* Data excerpts
*** Begin section ***

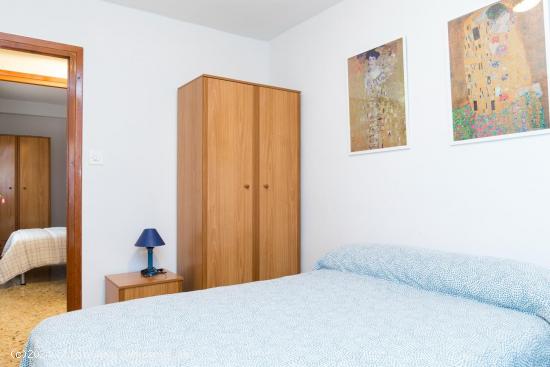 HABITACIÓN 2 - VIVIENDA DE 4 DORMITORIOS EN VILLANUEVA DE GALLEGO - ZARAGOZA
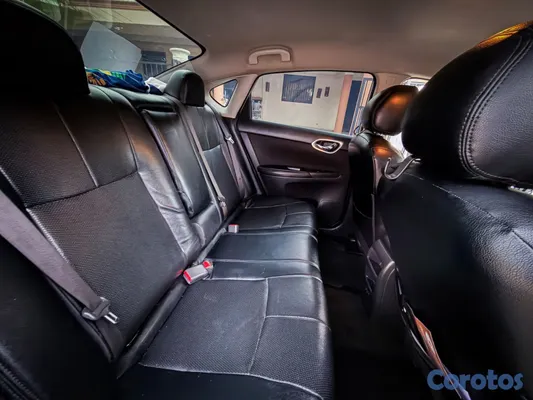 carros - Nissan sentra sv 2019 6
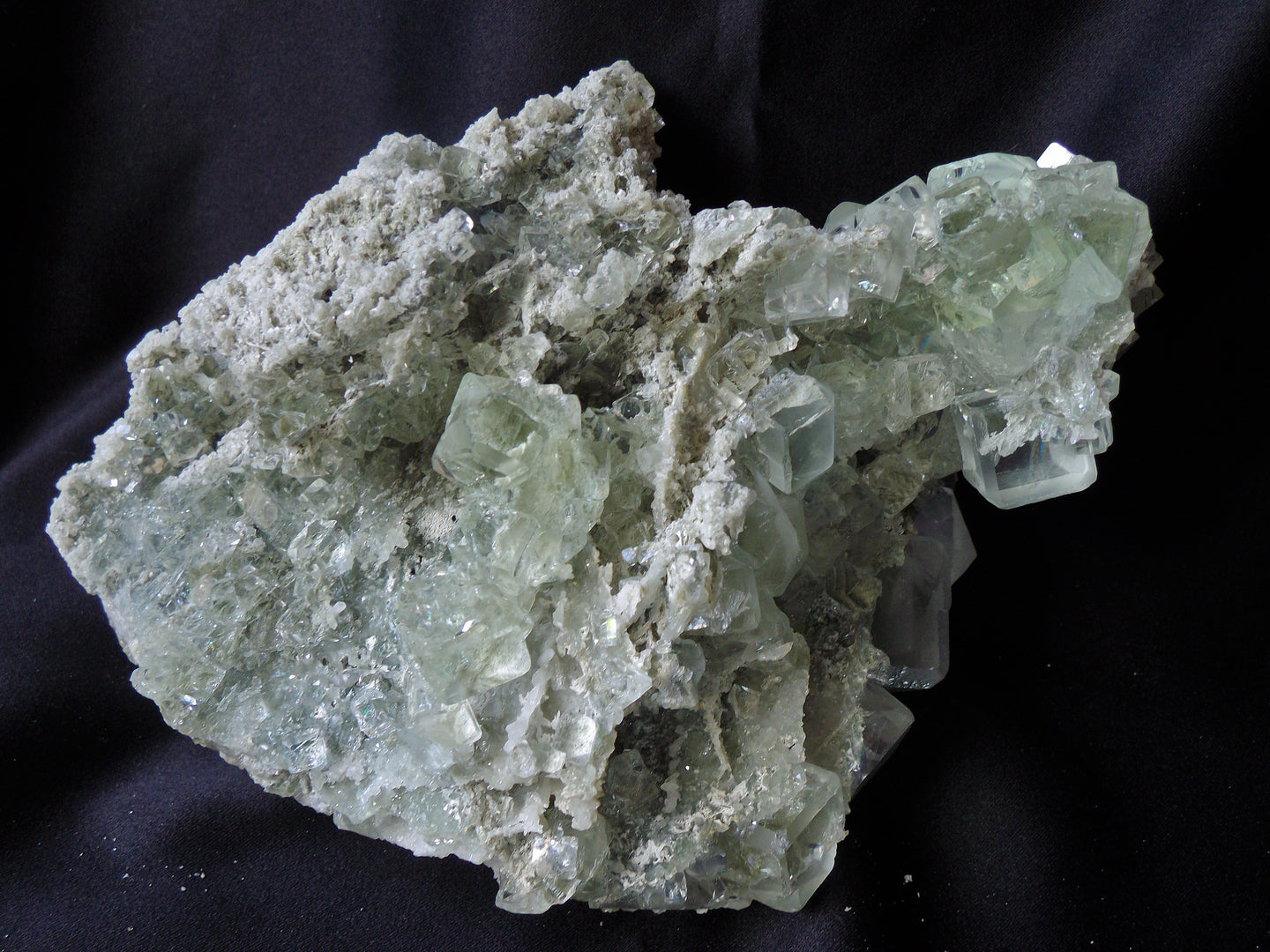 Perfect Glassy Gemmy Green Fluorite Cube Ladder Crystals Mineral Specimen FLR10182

*** End section ***
*** Begin section ***

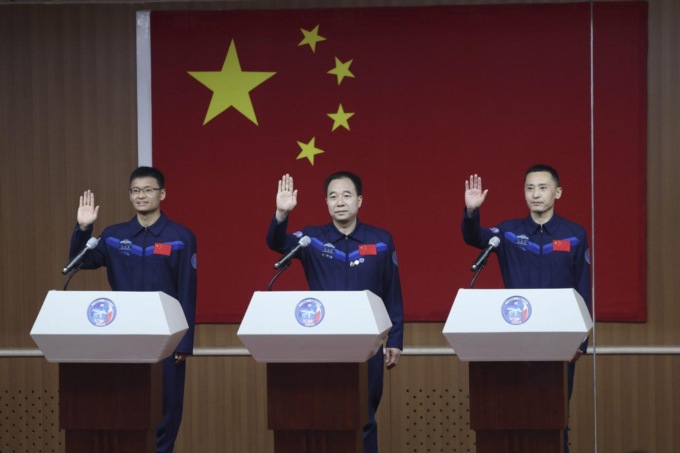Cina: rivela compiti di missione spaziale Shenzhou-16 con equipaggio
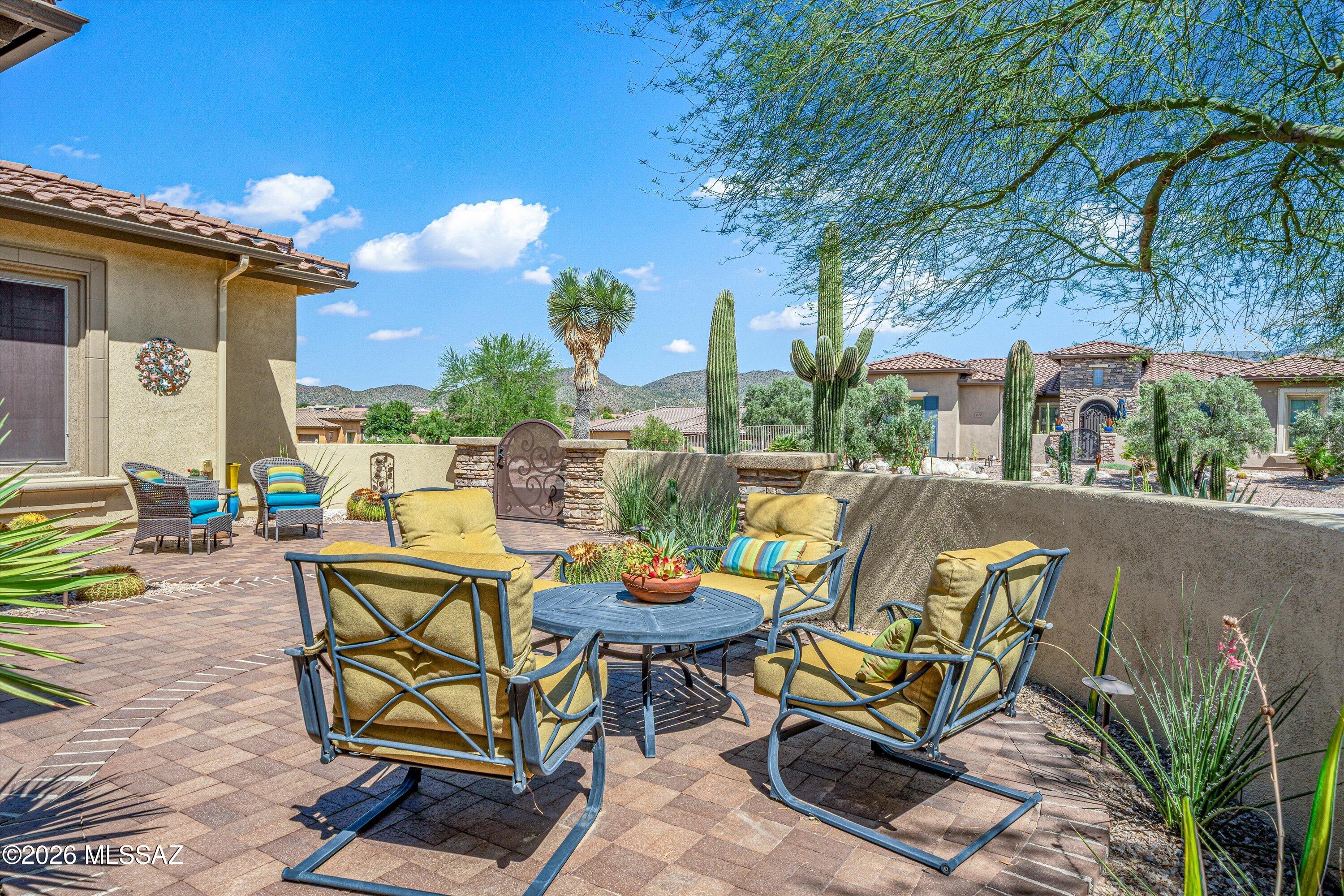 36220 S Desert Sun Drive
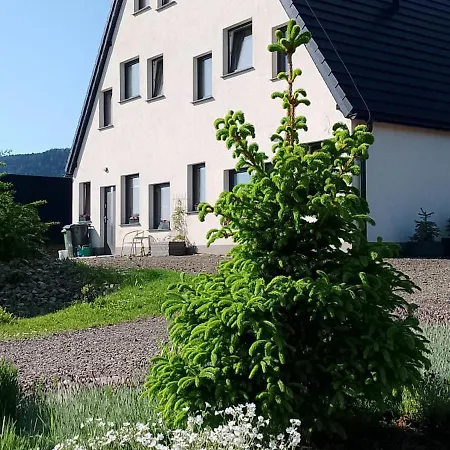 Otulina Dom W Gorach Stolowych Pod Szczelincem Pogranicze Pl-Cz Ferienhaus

*** End section ***
*** Begin section ***

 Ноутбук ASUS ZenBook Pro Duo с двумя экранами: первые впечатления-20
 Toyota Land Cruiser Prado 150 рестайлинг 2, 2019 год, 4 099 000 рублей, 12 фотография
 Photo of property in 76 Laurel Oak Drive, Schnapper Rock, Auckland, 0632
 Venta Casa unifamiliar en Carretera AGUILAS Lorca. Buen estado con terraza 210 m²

*** End section ***

* Aim of the task
Repeat exactly, and only, the entries from the line with "HABITACIÓN 2 - VIVIENDA" through the line with "Perfect Glassy Gemmy". Pictures are skipped.

* Problem solution
 HABITACIÓN 2 - VIVIENDA DE 4 DORMITORIOS EN VILLANUEVA DE GALLEGO - ZARAGOZA
 carros - Nissan sentra sv 2019 6
 Perfect Glassy Gemmy Green Fluorite Cube Ladder Crystals Mineral Specimen FLR10182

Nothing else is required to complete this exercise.